The next day, rinse the tongue and beef with cool water and put in a large heavy-bottomed soup pot. Add the onion, carrot, celery, bay leaf, thyme, and peppercorns, cover with the water, and bring to a hard boil. Then turn down the heat to a low simmer and simmer very gently, spooning off any scum that rises to the surface, for about 3 hours. The brisket should be done at about the 3-hour mark—tender but not falling apart. Take it out of the pot and let it cool to room temperature.
While the brisket may be tender, the tongue might still have a way to go. Take it from the pot and put it on a cutting board. The only way to tell if the tongue is done: use a small paring knife to test if it is peelable—can the white skin be easily removed? If not, return the tongue to the pot for a little while longer, then remove it and peel while it is still warm. Discard the skin and allow the tongue to cool to room temperature.
In a large saucepan, cover the potatoes with water, add a spoonful of salt, bring to a boil, and boil for 15 minutes, or until tender. Drain and let sit for 5 minutes or more, covered.
Meanwhile, strain the broth and degrease it. Taste and adjust the seasoning.
Both the brisket and tongue may need a slight trimming of fat and gristle. Slice as much tongue as you intend to serve crosswise into thin slices. Ditto with the beef. Warm the meat in the broth.

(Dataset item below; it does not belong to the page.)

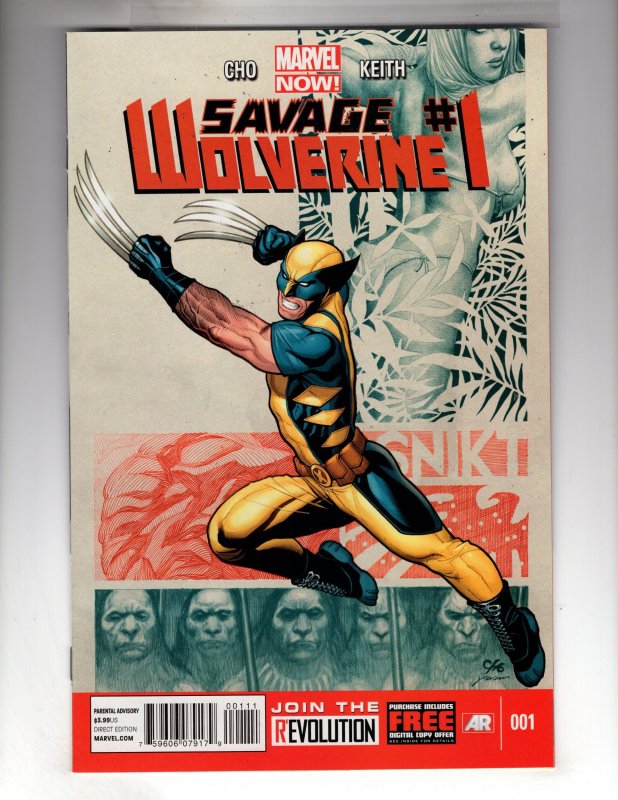 Savage Wolverine #1 (2013)   / GMA1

Remove the sliced meat from the broth and arrange it on a generous platter. Surround with the potatoes, sprinkle liberally with the parsley, carry it to the table, and enjoy. Serve everyone a small cup of broth to sip immediately. Then pass the platter, with the coarse salt, mustard, and caper and red pepper sauces.
{variation} tongue and/or brisket vinaigrette with capers
Depending on the state of your leftovers, both the tongue and brisket are delicious the next day sliced thin and dressed with an assertive vinaigrette. Nearly any vinaigrette you can think up will work, especially mustard or anchovy, or a simple mix of olive oil, capers, lemon juice, and a lot of chopped parsley.
Caper Sauce
2 tablespoons Dijon mustard
2 teaspoons capers, rinsed
1 cup olive oil
2 tablespoons each coarsely chopped parsley, basil, and chives
Generous pinch of cayenne
Salt and pepper to taste
Put all the ingredients in a blender and blend on high speed until the herbs are well pureed, the sauce emulsified and thick. Taste and adjust the seasonings. Pour into a small serving bowl. (The sauce can be made an hour or so ahead.)
Red Pepper Sauce
1 cup good-quality canned tomatoes, drained
1 garlic clove
½ teaspoon cayenne
Salt and pepper
1 sweet red pepper, roasted, or ½ cup jarred roasted peppers
¼ cup olive oil
Put all the ingredients in a blender and blend on high speed to a thick puree. Taste and adjust the seasonings. Pour into a small serving bowl and serve.
These cookies are a variation on the classic brutti-ma-buoni (ugly-but-good). It’s important to use the freshest walnuts and pine nuts you can find. Toast the nuts separately on a dry baking sheet and let them cool before proceeding. makes about 2 dozen cookies
2 cups walnuts, halves or pieces, lightly toasted
3 tablespoons all-purpose flour
¾ cup granulated sugar
¾ cup brown sugar
½ cup pine nuts, lightly toasted but not browned
4 egg whites
½ teaspoon salt
Preheat the oven to 350°F. Line a cookie sheet with parchment paper.
Put the walnuts in a food processor. Add the flour and granulated sugar and pulse for about 30 seconds, taking care to leave the walnuts in coarse pebble-sized chunks. Transfer the mixture to a bowl and stir in the brown sugar and pine nuts.
In a separate bowl, whisk the egg whites with the salt until frothy. Fold the egg whites into the nut mixture and stir with a wooden spoon to incorporate.
With a teaspoon, drop the batter into rough cookie shapes about 1 inch apart on the baking sheet.
Bake until barely browned, about 10 minutes. Cool on a rack.